Copper theft still climbing

Copper theft continues to escalate, with the value of copper stolen in February estimated at R22,8 million according to a statement by the South African Chamber of Commerce and Industry (Sacci).

- Advertisement -

The loss is 4,1% higher than the R21,9 million recorded in January, and the fifth consecutive month that Sacci’s Copper Theft Barometer has registered a loss greater than R20 million. Global demand for copper, driven by China’s continued investment in housing and infrastructure, was expected to rise by 3,1% this year. China’s demand constitutes 40% of the global total.

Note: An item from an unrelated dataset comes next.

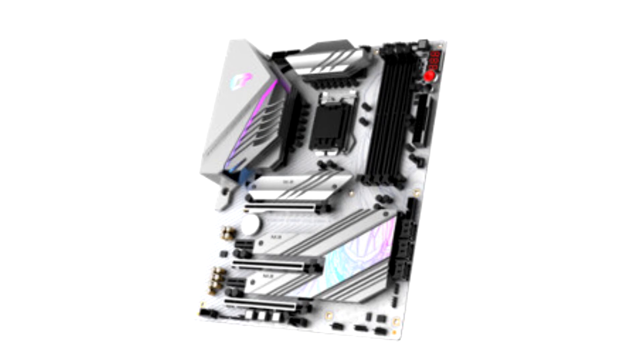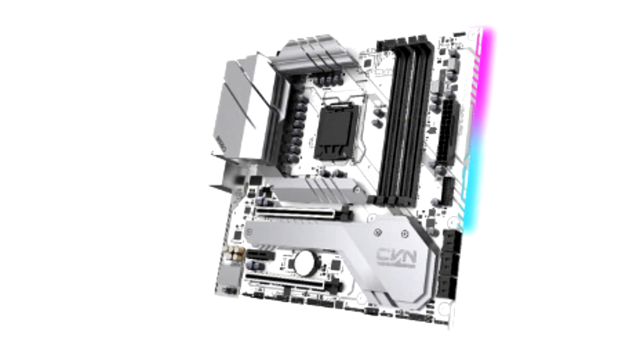The iGAME Z590 Vulkan W and CVN B560M Gaming Frozen V20 perfectly complement the new Colorful Ultra White Series GeForce RTX 30 series graphics cards.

If current trends persisted, copper theft looked likely to rise slightly in 2012 said the Sacci statement. Koos Marais, Kwanalu security spokesman, said copper cable theft had a severe effect on agriculture, as it took out telephone lines, irrigation and pump equipment. “We believe most stolen copper is shipped out to China. Until the government bans the export of copper materials it will not stop,” said Marais.

Trade in stolen goods has flourished in a vacuum of inadequate legislation and enforcement, and a thriving black market for aluminium, car parts, electronic goods, copper cabling and jewellery has developed. Sacci said stronger enforcement of illegal activities could cut out a vital conduit for organised syndicates.

- Advertisement -

“Last year there were 72 533 reported incidents of copper cable theft and 10 736 arrests were made,” said Sacci’s statement, adding that sentences passed on guilty offenders have recently become harsher. Dianne Kohler-Barnard, DA MP and spokesperson on police, expressed anger at the slow implementation of the Second Hand Goods Act, passed in 2009. The act replaces the outdated Second Hand Goods Act of 1955, and covers the activities of large metal recyclers.

It also specifically addresses cable theft and its effect on infrastructure in South Africa. “I am furious. We passed the Second Hand Goods Act in February 2009. It was signed off by the president. It has never been implemented because they didn’t bother to draw up regulations for the courts,” said Kohler-Barnard.

The regulation of suspicious transactions, and the criminalisation of the possession, acquisition and disposal of controlled metal cable such as copper cable have been regulated by the police. They are currently finalising the outstanding Regulation for Dealers and Recyclers.

The training of designated second-hand goods police officers will be conducted after the promulgation of these regulations.
Police spokesperson Zweli Mnisi said training would be national and ongoing. “We have started training and capacitating officers and detectives so that when we make arrests, we have a higher conviction rate. We don’t yet have the numbers of how many officers have been trained but the process has commenced.”